Alpha Glucose as shown here above on both the left and the right join together with water being produced from the H group on the left hand glucose and the HO group from the right glucose. A glycosidic bond then forms between the two with the oxygen that is left; this final product is shown below.
As more glucose molecules join on to the end of the maltose a polysaccharide is made, they join in the same way with H2O being lost at each join.
Many many more glucose molecules would join on to the end of this polysaccharide molecule, and this is what the anabolic metabolism of carbohydrate is.
Lipids include fats and oils, they are important as another form of energy supply if there is not enough glucose, also as an insulator against the cold, protects organs against physical damage whist contributing to the overall shape of the body, that is just the triglycerides. Lipids come in many different forms, triglycerides, phospholipids, cholesterol and steroid hormones; which all play a different part in the body.
Triglycerides are made up of glycerol and three fatty acids as shown below; they are joined together, in a metabolic reaction, with ester bonds and water is lost from each fatty acid that attaches to the glycerol, so therefore 3 H2O are produced.
Above is the glycerol molecule on the left, and on the right is one fatty acid, although this is a very short chain, an average chain would be about 14 carbons long. On the next page you can see how the fatty acids join to the glycerol to form a triglyceride with the release of 3 water molecules.
This is one triglyceride; many animals store triglycerides as energy, because gram for gram they yield more than twice as much energy as proteins or carbohydrates. Due to the large amounts of C – H bonds, they can break down in respiration to form energy. Lipids are not as large as polysaccharides, proteins and nucleic acids, and so when they need to be transported around the body they can easily diffuse through the barriers, they need to move with the concentration gradient, from an area of high concentration to an area of relative lower concentration. When lipids first enter the body through food they must move through the digestive system, they are broken down and converted to micelles (microscopic droplets) these dissolve in water and pass through into the epithelial cells of the small intestine. Once inside the cells the fatty acids and glycerol can regroup and form triglycerides, but added to this is a protein coat which stops them sticking together, they are now ready to leave the cell in the form of chylomicrons. These molecules do not go into the blood stream, but into the lacteal, a branch of the lymphatic system. The chylomicrons remain suspended in the lymph fluid giving it a milky white colour until they move into a larger lymphatic vessel and eventually drained into a large duct, which empties into the blood. In the blood the chylomicrons are broken down into the primary substances of fatty acids and glycerol, where they can be synthesised into more complex lipids.
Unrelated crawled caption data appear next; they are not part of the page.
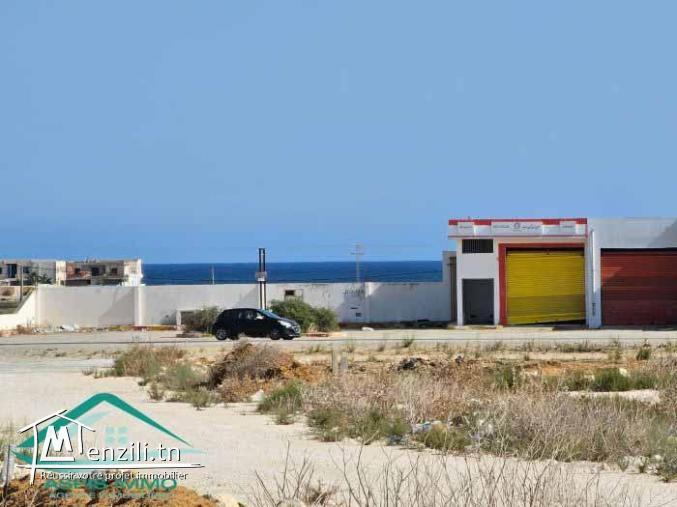 VT708:Des terrains d’habitation à Kelibia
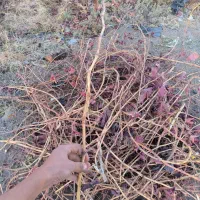 قلمه انگور|خدمات باغبانی و درختکاری|تربتحیدریه, باغ سلطانی|دیوار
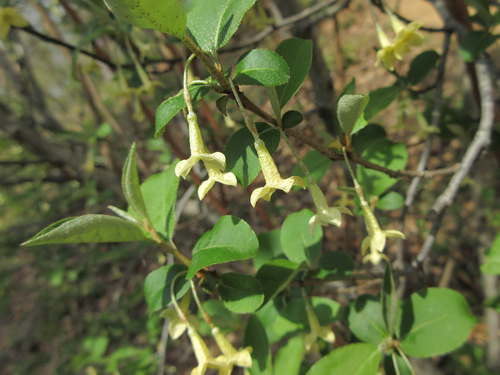 Elaeagnus multiflora (Russian olive) — photo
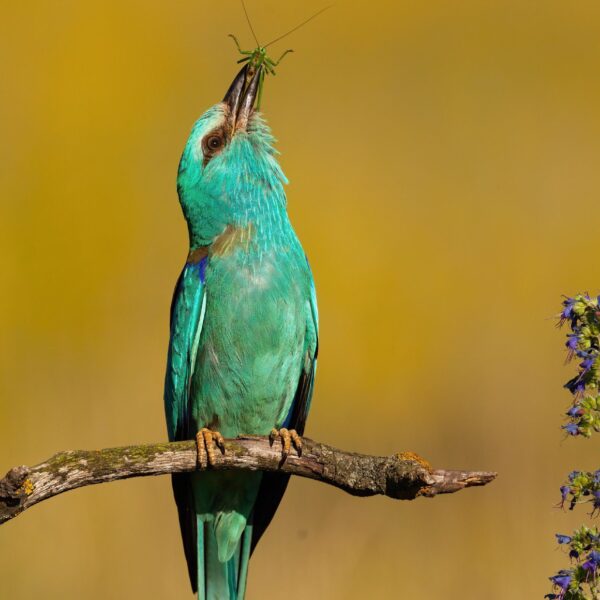 Europäischer Roller in wiederhergestellter Natur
Ketosis is when the body’s carbohydrate level is reduced so much that the body is forced to use ketone bodies as fuel. Acetoacetate and D-3-hydroxybutyrate are the only two freely soluble lipids the body can use as ketone bodies in this situation. The major role of ketone bodies is to supply an alternative (to glucose) fuel for the brain in situations where there are little or no carbohydrates available with food. They are also used as building blocks for brain tissue. Ketone bodies are precursors for the essential substance (acetyl-CoA) required in the synthesis of myelin in the nerve cells as well as in the Krebs cycle in respiration. The normal rate of ketones in the body is a concentration of total ketone bodies in blood below 0.2 mmol/l. Ketosis is any amount over 0.2 mmol/l, but below 0.7 mmol/l (because at this level it becomes Ketoacidosis). Dieticians and nutritionists will continue to warn against getting your carbohydrates so low you need to live off of ketones, it can be dangerous not to have the correct levels of carbohydrates in the body.
Amino acids are required for the growth and repair of cells in the body, but the body cannot store proteins (of which amino acids are the building blocks), so appropriate amounts of proteins must be eaten everyday. The body only needs about 40 – 60 grams of protein per day, most people eat more than this, and so the excess amino acids are broken down in the liver, this can be done by deamination. If, however the correct amount of protein is not taken in, in the diet, some amino acids can be synthesised in the process that is transamination.
Deamination is the catabolic metabolism process, which breaks down the amino acids by removing the amino group (NH2) converting the amino acid to ammonia (NH3). The resulting products are: - an organic acid, which is respired, and ammonia, which is toxic to the body. The ammonia is quickly further broken down to form a less harmful product, urea in the ornithine cycle, shown below, and is removed by the kidneys.
Transamination is the metabolic process of synthesising amino acids by converting other substances. There are 20 amino acids that we use in the body, eight of these are essential and must be eaten in the diet, as they cannot be synthesised by the human body. The other twelve amino acids are classed as ‘non-essential’, as they can be synthesised by the metabolic process transamination, which takes place in the liver. An amino group is removed from an amino acid and transferred to an acid, making a new amino acid.
This shows that both metabolic reactions are important, if there are too many amino acids in the body, they must be broken down by deamination, if there are not enough of the ‘non-essential’ amino acids they must be synthesised by transamination.
All metabolic reactions are important in the body, they produce things that we need and remove the substances that are no longer required, and this helps to keep the body functioning properly.